(AGENPARL) – lun 28 novembre 2022 AQUILEIA, LE GRANDI TERME ROMANE SVELANO
DUE NUOVI SETTORI INESPLORATI
Un vasto settore con vasche, mosaici e fontane e un’ampia area destinata ai bagni
di acqua calda portati alla luce nelle ultime ricerche dell’Università di Udine
Aperto un nuovo settore di indagine, nell’area occidentale del grande edificio termale
Udine, 28 novembre 2022 – Due nuove “perle” delle Grandi Terme romane di Aquileia,
costruite nella prima metà del IV secolo d.C., sono state portate alla luce negli ultimi scavi fatti
dalla missione archeologica dell’Università di Udine nell’area. Si tratta di un vasto ambiente
che ospitava grandi vasche, mosaici e fontane e di un’ampia area dell’abside (ambiente
semicircolare) del calidarium, la zona destinata ai bagni in acqua calda. Le indagini si sono
concentrate in due settori del grande edificio termale: quello a sud est, dove lo scavo prosegue da
alcuni anni, e quello a ovest, in un settore nuovo, nell’area degli ambienti riscaldati. Le ricerche
sono state condotte su concessione ministeriale, in accordo con la Soprintendenza
Archeologia Belle Arti e Paesaggio del Friuli Venezia-Giulia e in collaborazione scientifica con
Cristiano Tiussi, direttore di Fondazione Aquileia, che ha assicurato il sostegno economico allo
scavo. Il video dell’area delle Grandi Terme https://youtu.be/qD8EXEO1kuM
Il cantiere-scuola
La campagna di scavi è stata condotta, a settembre e ottobre, da un gruppo di ricerca del
dipartimento di Studi umanistici e del patrimonio culturale, diretto da Matteo Cadario, coadiuvato
da Marina Rubinich. Alle ricerche hanno partecipato 25 studentesse e studenti dei corsi di laurea
triennale, in Beni culturali, e magistrale, in Archeologia e Culture dell’antichità, e della Scuola
interateneo di specializzazione in beni archeologici. «Tutte le attività di scavo, documentazione e
lavaggio dei materiali – sottolineano Cadario e Rubinich – sono state svolte anche allo scopo di
preparare al meglio i futuri archeologi ad agire in un cantiere».
Vasche e fontane
Nel settore nord-orientale è stato messo in luce un ambiente di oltre 200 metri quadrati che,
nella prima fase delle terme (IV secolo d.C.), ospitava grandi vasche e forse fontane.

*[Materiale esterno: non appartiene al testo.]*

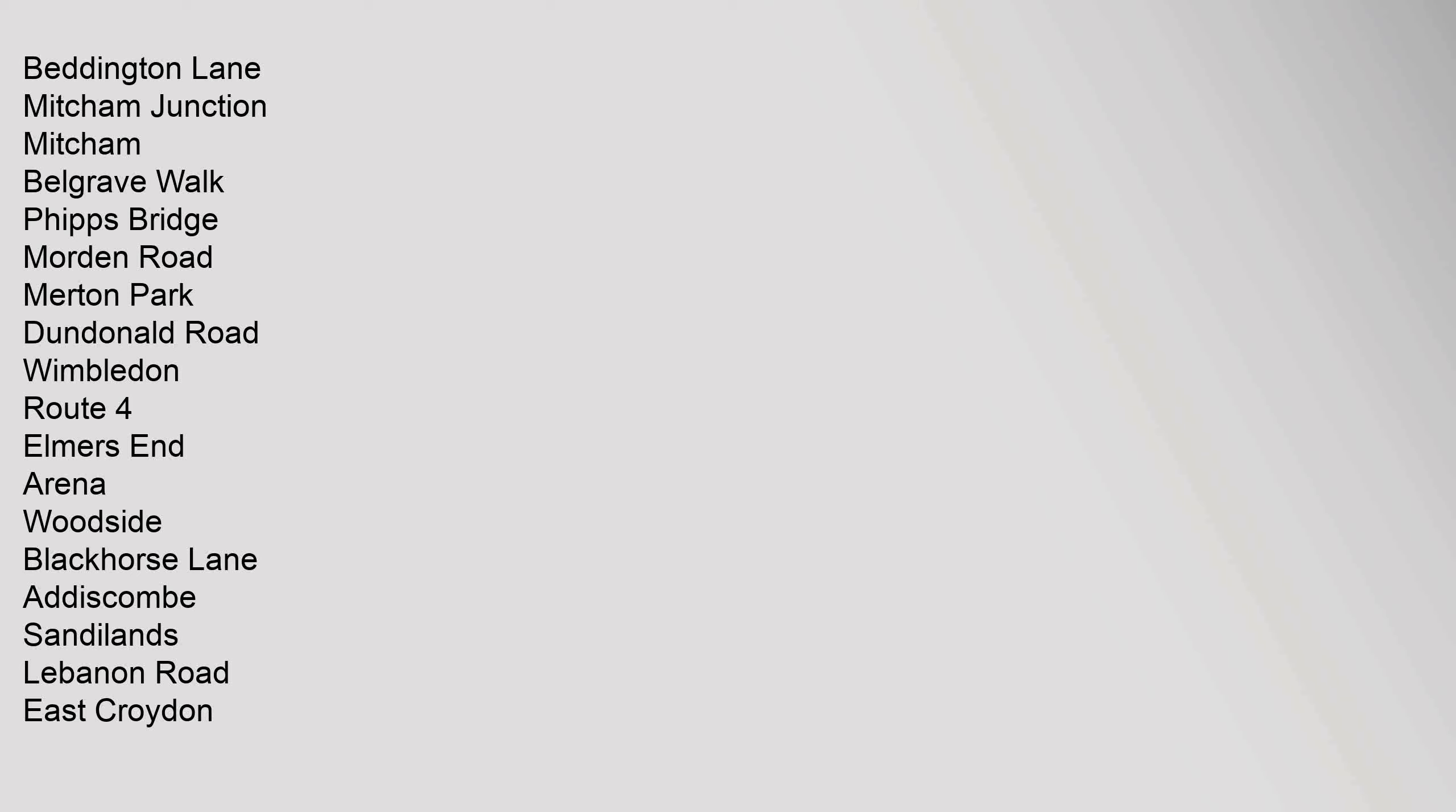Beddington Lane, Mitcham Junction, Mitcham, Belgrave Walk, Phipps Bridge, Morden Road, Merton Park, Dundonald Road, Wimbledon. Route 4: Elmers End, Arena, Woodside, Blackhorse Lane, Addiscombe, Sandilands, Lebanon Road.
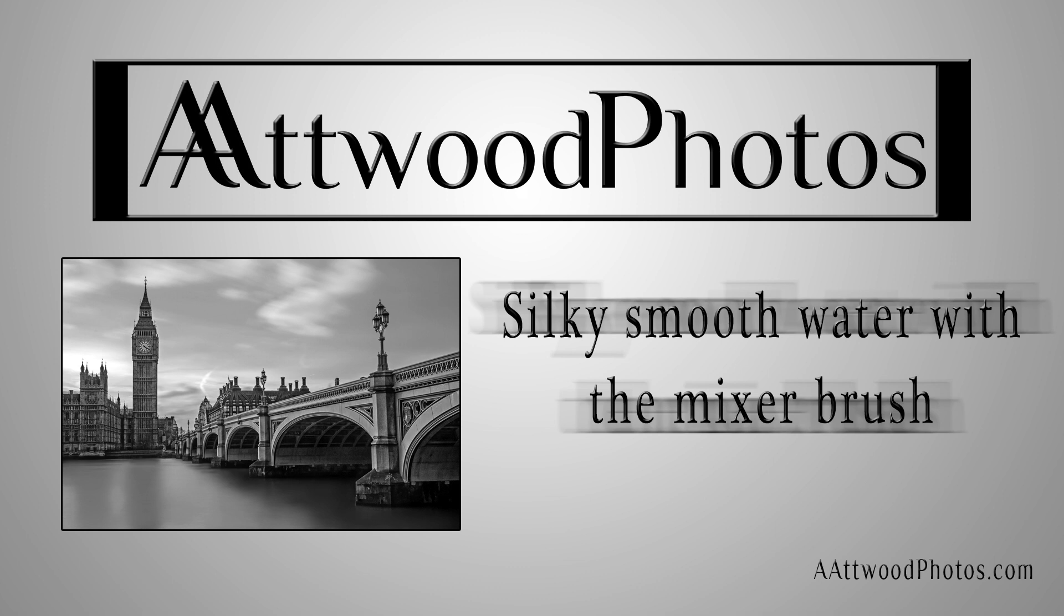Hey everybody, this is Ady from Attwood Photos and today we're going to take a look at getting silky smooth water using the mixer brush from Photoshop.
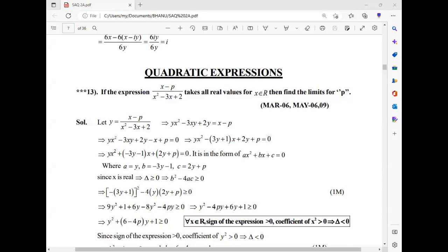The expression (x minus p) divided by (x squared minus 3x plus 2) takes all real values for x belonging to R. Find the limits of p.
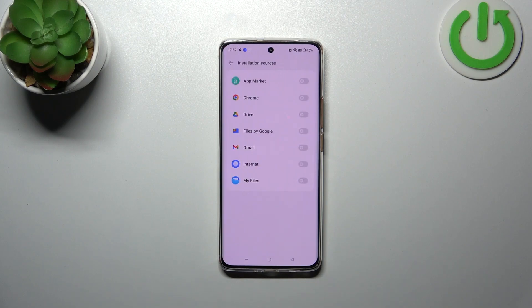Here we've got the list of all apps which are allowed or not allowed to install some content. As you can see, in my case none of those apps can install something.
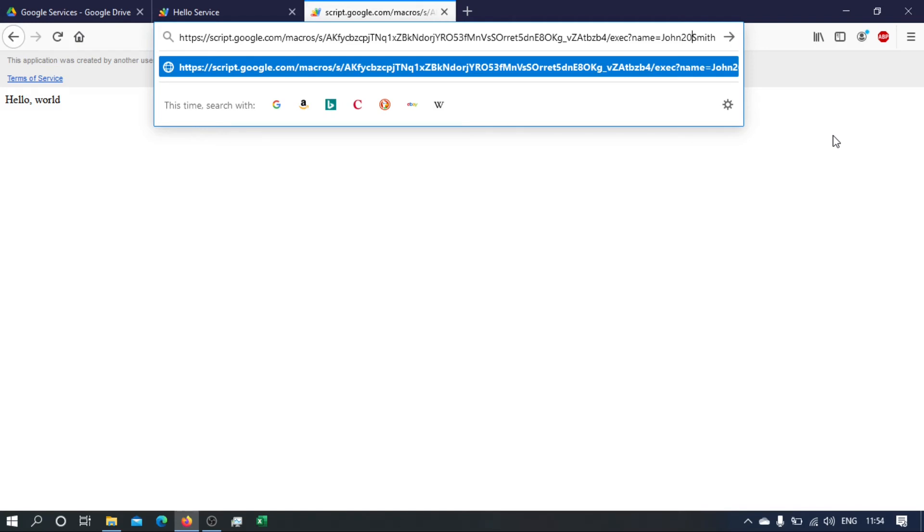Okay, it's a hexadecimal number. To actually make sure that it's interpreted as a space, we need to concatenate that. So we put a plus here, we put plus in the beginning, and then we put percent sign.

L’elemento più impressionante è la poderosa fondazione dell’ambiente in calcestruzzo e grossi
frammenti di colonne reimpiegate, prevalentemente in marmo cipollino. Sulla struttura, spessa oltre
un metro e 60 centimetri, poggiavano vari strati di mattoni intorno a una vasca circolare di otto
metri di diametro. Vasche, nicchie e pareti dovevano essere decorate con tessere musive in vetro
colorato e lastre sagomate di marmi pregiati, i cui resti si trovano nei riempimenti della fase
successiva. Tra la fine del IV e gli inizi del V secolo, infatti, la vasca circolare fu colmata e
l’ambiente ricoperto da un mosaico a grandi tessere con un reticolo di quadrati contenenti grandi
fiori stilizzati. Si creò così un nuovo vano rettangolare, lungo 15 metri, che fa parte di una
importante ristrutturazione non solo di questo lato nord, ma anche di quello sud, a ben 140 metri di
distanza.
Le sistematiche spoliazioni delle strutture murarie condotte a partire dal tardo Medioevo hanno
asportato tutti i muri fino a notevole profondità, rendendo molto difficile la lettura delle diverse fasi.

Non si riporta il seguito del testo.